2. Description of the Prior Art
Disc cylinder locks are well known and have been in widespread use for over seventy years. Examples of recent developments in locks of this type are described in U.S. Pat. Nos. 4,637,234 and 4,742,703.
The conventional disc cylinder lock typically comprises a tubular lock barrel containing a rotatable cylinder. The barrel has a longitudinally extending internal groove and the cylinder has a parallel slot containing a radially shiftable locking bar. The cylinder further contains a series of axially stacked independently rotatable operating discs having mutually aligned specially configured central apertures defining a keyway. The peripheral edges of the discs are interrupted by notches and the lock is operated by a key insertable in the keyway. The key has a series of longitudinally spaced angularly offset external flats, each being arranged to mate with an internal flat bordering the central aperture of a respective one of the operating discs. When the discs are "scrambled", at least some of their peripheral notches are out of radial alignment with the cylinder slot, with the result that the locking bar is urged outwardly and caused to protrude from the cylinder slot into the internal barrel groove, thereby preventing the cylinder from turning in the barrel. Rotation of the key brings the respective external and internal mating flats of the key and discs into coactive engagement, causing the discs to rotate until their respective peripheral notches are all in radial alignment with the cylinder slot, at which point the locking bar is permitted to shift radially inwardly from the barrel groove. This frees the cylinder to turn within the barrel.

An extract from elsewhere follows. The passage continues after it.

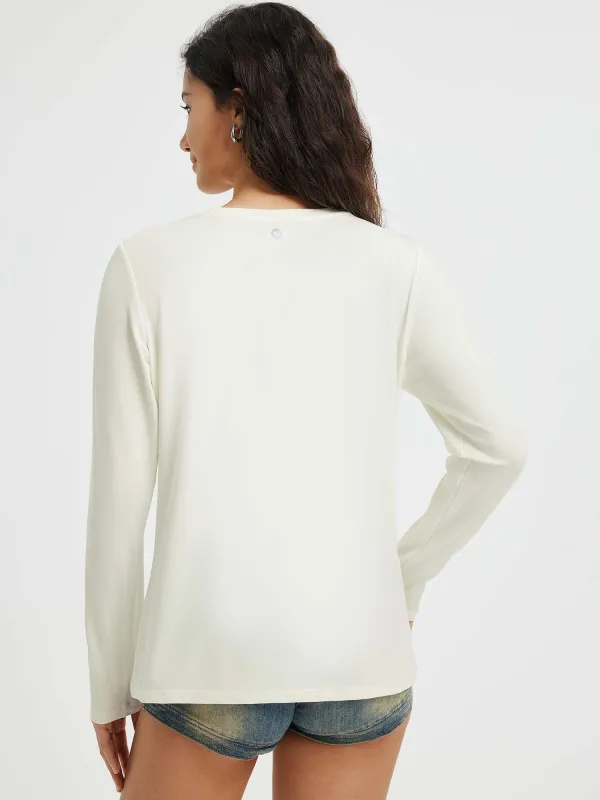 Running Crewneck Pocket Long-Sleeve Top sold by Baleaf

It will thus be seen that the operating discs act in a similar manner to tumblers in a safe, making the lock extremely difficult to pick. Moreover, by varying the number of operating discs and/or the orientation of the mating sets of internal disc flats and external key flats, a myriad of combinations can be developed. This latter feature is important in applications where it is desirable to provide each lock and key set with its own unique combination.
However, there are other applications, such as for example in security systems for public utility meters, where tens of thousands of identical locks must be provided with the same combination so that all may be operated by identical keys distributed to utility personnel. Here, a major concern centers on preventing genuine keys from being counterfeited. Once this happens, the integrity of the entire system is compromised, thus making it necessary to replace all of the locks.

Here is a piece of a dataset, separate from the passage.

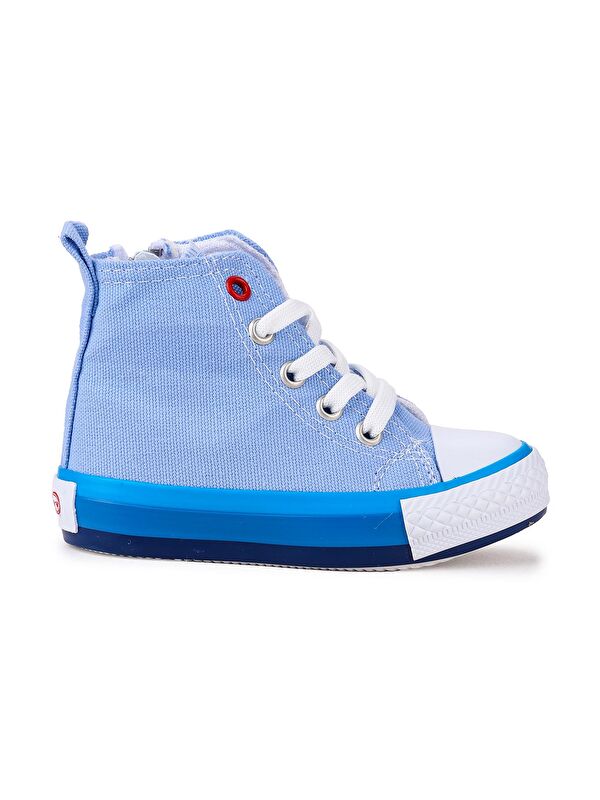 Tinna Bağcıklı Erkek Bebek Boğazlı Keten Spor Ayakkabı - Görsel 4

The problem with conventional disc cylinder locks is that the arrangement of angularly offset external flats on their operating keys is relatively easy to copy. This can be done most readily by taking measurements directly from a genuine key, but it can also be accomplished by dismantling a lock and taking measurements from the internal flats on the operating discs. Because of this problem, public utilities have been reluctant to employ disc cylinder locks in their security systems.